[Archive JDJ] : Fête de l’animation 2009 : Vivre en harmonie avec la nature, selon Miyazaki & interview de l’animatrice Masako Sakano
Pour les 40 ans du studio Ghibli, nous republions cet article consacré à Masako Sakano, collaboratrice historique de Hayao Miyazaki, que nous avions pu rencontrer à l’occasion de la 5e Fête de l’animation de Lille en avril 2009. Le festival proposait également à cette occasion de faire un zoom sur le travail de Miyazaki et sa philosophie à travers une exposition, des projections et des rencontres.
Vivre en harmonie avec la nature
Meurtrie, révoltée et réconciliée.

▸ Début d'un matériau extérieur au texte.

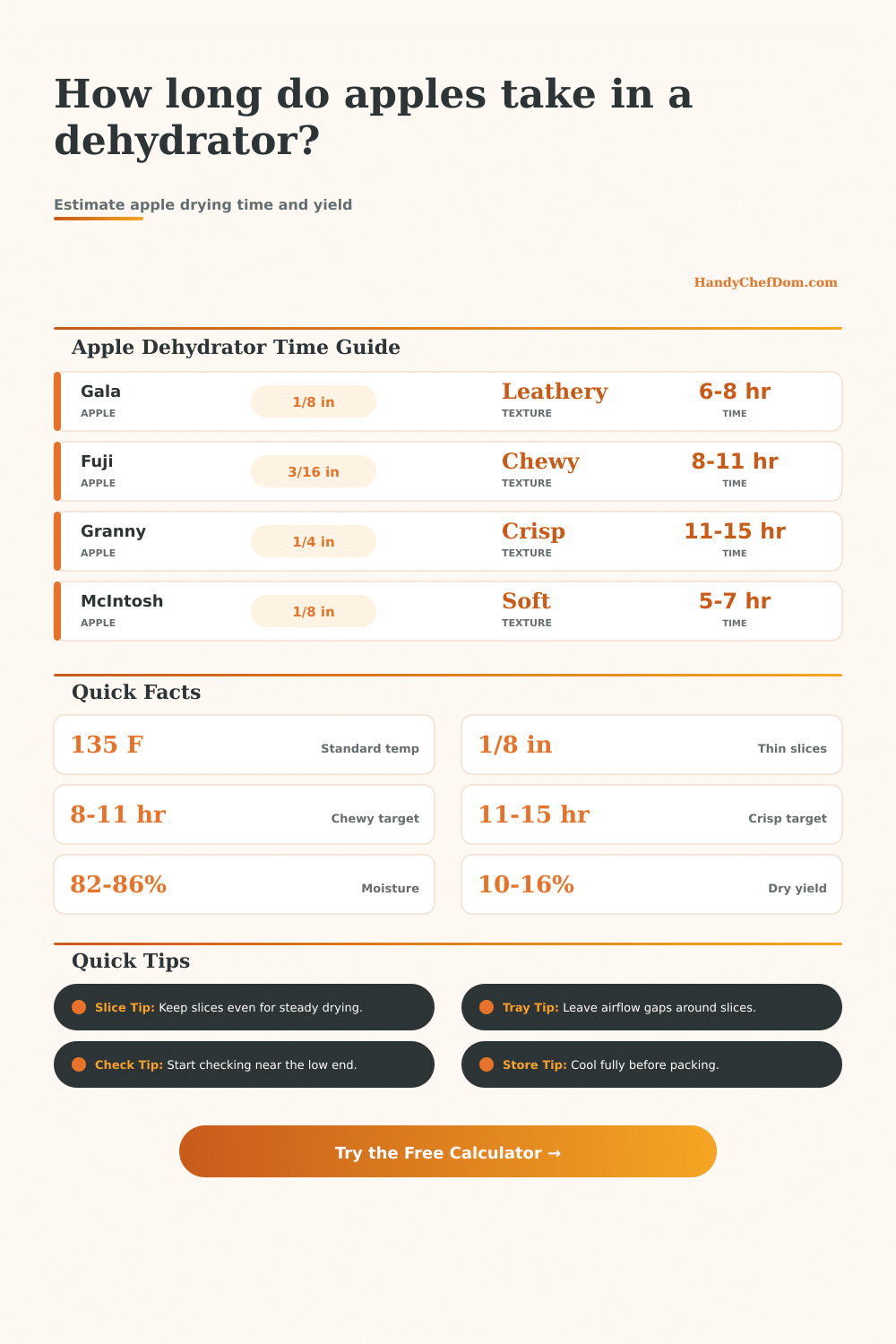 Apples in Dehydrator Dehydrating Time Calculator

Depuis ses débuts dans le métier, Hayao Miyazaki cherche à travers ses films à sensibiliser les spectateurs et spectatrices au respect de la nature et à la fragilité du lien entre l’homme à la nature.
La 5e Fête de l’animation de Lille a proposé de revenir sur la philosophie de ce grand maître de l’animation avec la projection de ses films et l’exposition de planches pour retracer sa démarche. Un véritable parcours initiatique qui se déclinait en trois temps : « La Nature Meurtrie », « La Nature Révoltée » et « La Nature Réconciliée » à l’instar de ses œuvres.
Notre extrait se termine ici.